You'll have a point. Maybe more than one….
Get your sextant out!
When I was eight years old I spent the night with my grandmother, a handsome woman who, as I look back, was probably younger than I am today but looked 10 years older. She was a German lady who wore housedresses and pin-curled her grey hair. She was proper, punctual and particular but when I woke up the morning of our sleepover, I found her holding onto the back of a chair, shoeless and enthralled by the man on the television. His name was Jack Lalanne.
Jack held onto the back of a chair, too, but he wore a skin-tight jumpsuit that showed off his muscles – all of them. I had never seen a man dressed like that. Even at eight, I knew I was watching something extraordinary – maybe even a little naughty. Watching my grandmother lift her leg ever so slightly, put her arm over her head like a ballerina, bend from the waist so that I could actually see the backs of her knees was awesome. Grandpa was gone. The doors were locked. The only sound was Jack’s voice encouraging my grandmother to do things I never thought she could do. I was privy to something I had no word for and I never told anyone about grandma’s morning with Jack.

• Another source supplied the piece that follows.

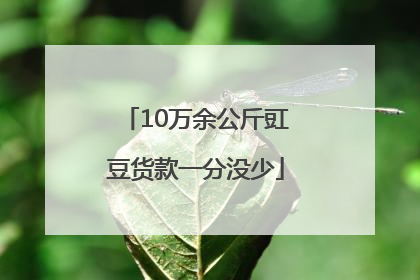 10万余公斤豇豆货款一分没少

Almost twenty years later, I met Jack Lalanne for real. I was an account executive with a major advertising agency and Jack LaLanne Health Spa was my client. Though I didn’t know it then, I was working on an account that was the forerunner of a social and health phenomena of fitness clubs, spas and specialty gyms. Before 24 Hour Fitness, Equinox or day spas there was Jack Lalanne.
We met during a commercial shoot. My job was to make sure we stayed on budget, on schedule, on message and that the client was happy. To this day, I don’t know if the client was happy. Jack, dressed in his iconic black jumpsuit, stood apart and managed only a distracted hello.
He was perpetual motion as he waited for his call: flexing, stretching, moving. And, most interestingly, he talked to himself. Eventually, I realized he was rehearsing his line. He only had one but the man was nervous and that made me curious.
How could a man who inspired my grandmother to take off her shoes and exercise, a man who spoke to people on TV every day be nervous about delivering one line? It took me many years and my own journey as a writer to understand why, that day on the set, Jack LaLanne was sweating. It was because he was not a pitchman, he was an advocate. Jack LaLanne sold best when he sold in his own language and with his own message. That man not only inspired people to exercise but to be their best in every aspect of their lives.
A few days ago, I woke up and found that Jack LaLanne had passed away. I doubt he would have remembered me but I will always remember him. I will remember him as a part of my childhood but I will also remember what he taught me about being a creative person. So, here you go. The lessons I learned from Jack.
Write, compose, draw, speak, work with love and focus.
Always exercise: your mind, your imagination, your skill.
Be consistent. Be a brand. Craft your own “black jumpsuit” so that when people pick up your book or see your picture or hear your song they will know what they’re getting.
Plan your career, do not calculate it. Eventually, calculation will override passion and you will lose your “voice”.
Do not worry about how many people read your work. Creating something that is meaningful to one person is more important than having thousands know your name but not remember your work.
Share your passion. If you have a chance to inspire, to coach, to encourage, do it. Do it with abandon. Do it with energy. Do it without concern that sharing your knowledge will take something away from you. It won’t.
Thank you Jack. I was inspired by your energy, your abandon and your goodwill. I will pay it forward and, when I do, I will think of you.